Editorial: Veterans in College Face Unique Challenges

Bradley Hood
Contributor, In Military Education

For many students, college represents a final educational obstacle to a job and the ‘real world’. For many veterans, however, college is a different thing altogether. Veteran students come back to school with a great deal of experience and a particular outlook on life imbued by years of military service and deployments. Patricia Murphy writes on some of the unique challenges faced by veterans in college, and how it differs from their civilian peers. She uses two students to illustrate her point: Sam Talkington and Thomas Jenkins.

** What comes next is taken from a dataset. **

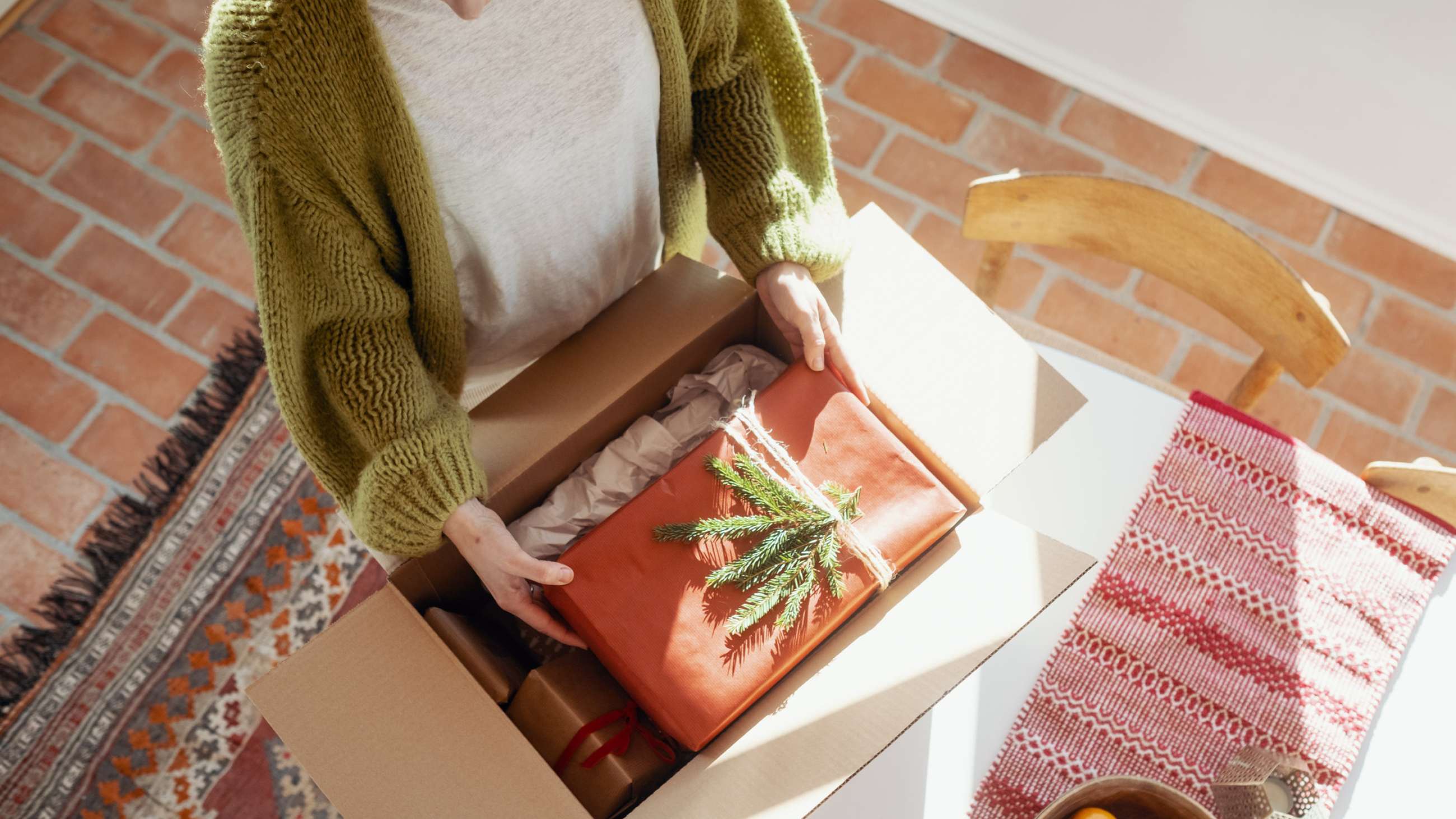 En kvinne legger en julegave i en pakke.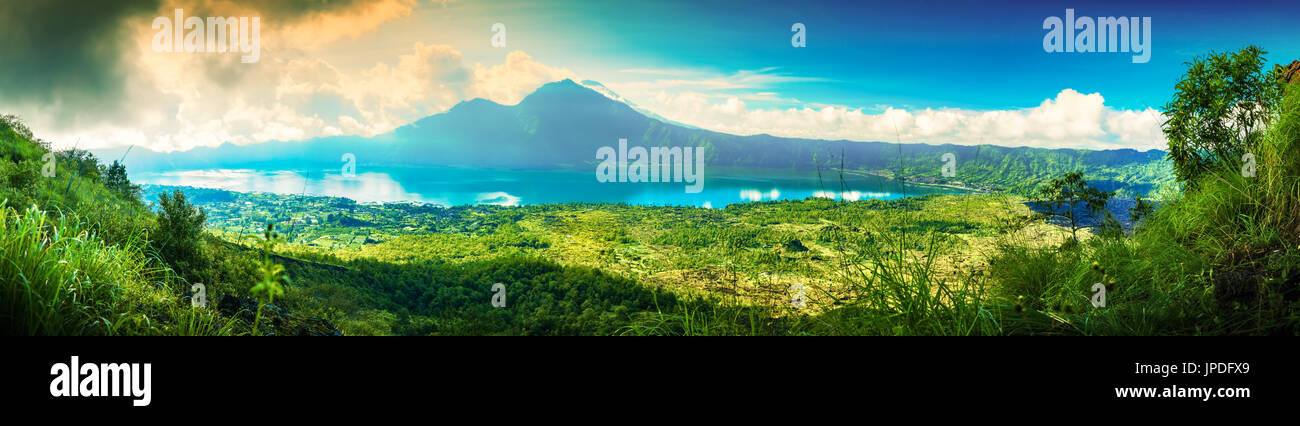 Panoramic nature landscape tropical island bali. Popular tourist attractions of tropical island Bali, amazing top view volcano Mount Batur, Indonesia Stock Photo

Talkington is a student at University of Washington’s Foster School of Business, pursuing his education through the post 9/11 Veterans Assistance Act. To veterans like Talkington, who has been deployed twice, it can be difficult to relate to civilian peers, as some students appear apathetic and undisciplined. Thomas Jenkins is another University of Washington veteran, and is president of the Husky United Military Veterans. Jenkins and other members of this organization attempt to assist veterans in the transition from the military to college student. Where the military is rigidly organized and follows a chain of command, college is much fuzzier, and requires an adjustment on the part of a veteran student. Despite the isolation some veterans may feel in this environment, Jenkins and other like him offer a support network. In brief, Murphy has woven together a dialogue on the isolation many veterans feel in college. Murphy’s article addresses through Talkington and Jenkins only a portion of the many unique challenges veterans face, as these challenges are as varied as individual veterans’ personalities and experiences are. It is nonetheless an important topic, and Murphy’s “Veterans In College Face Unique Challenges” does an excellent job.